U.S. Supreme Court INNIS v. MILLER, 2 U.S. 50 (1790)
2 U.S. 50 (Dall.)
Philadelphia Court of Common Pleas
August Sittings, 1790
Replevin. The Defendant offered Francis Bailey, as a witness; who being sworn on his voir dire, said 'that he was a judgment creditor of the defendant's; that he expected, if the defendant recovered, to be paid, at least a part of his debt; and that he did not know that the defendant had any other property than what was involved in the Replevin, to satisfy him; but, on the contrary, he believed that his payment depended on the defendant's recovery.' It appeared, likewise, that Bailey was the attorney in fact of the defendant, and in that character was active in prosecuting this, and other suits.
The admission of the witness was opposed by Bradford, Todd, and Levy, who cited 1 Dall. p. 62, M'Veaugh v. Goods. And supported by Serjeant, who cited Abrams v. Bunner.

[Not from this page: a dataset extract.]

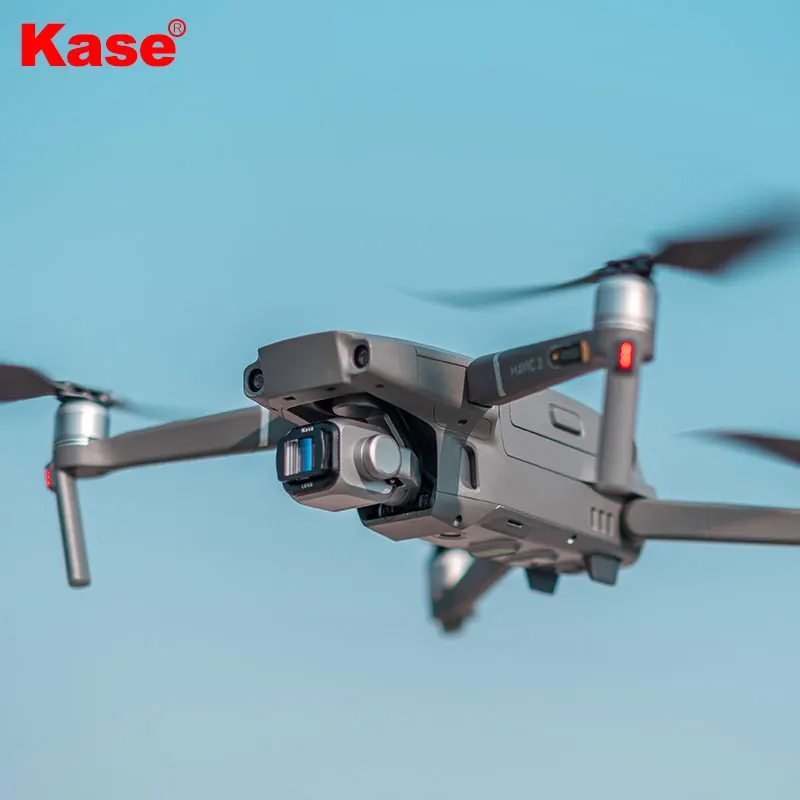 Широкоугольный объектив kase/анаморфный для DJI Mavic 2 Pro |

By the Court: The law on this subject has been fully settled in the modern cases, by an accurate discrimination between the competency and the credibility of witnesses. The stream of justice should, however, be preserved clear and uncontaminated: and although a creditor is not excluded from giving testimony, as such; yet if he acknowledges an expectation, that he shall be bettered by the fate of the cause, (as in the case of M'Veaugh v. Goods, which was properly ruled) he is sensible of a positive interest, that must give a biass to his mind. From the answers of the witness, therefore, we must reject his testimony.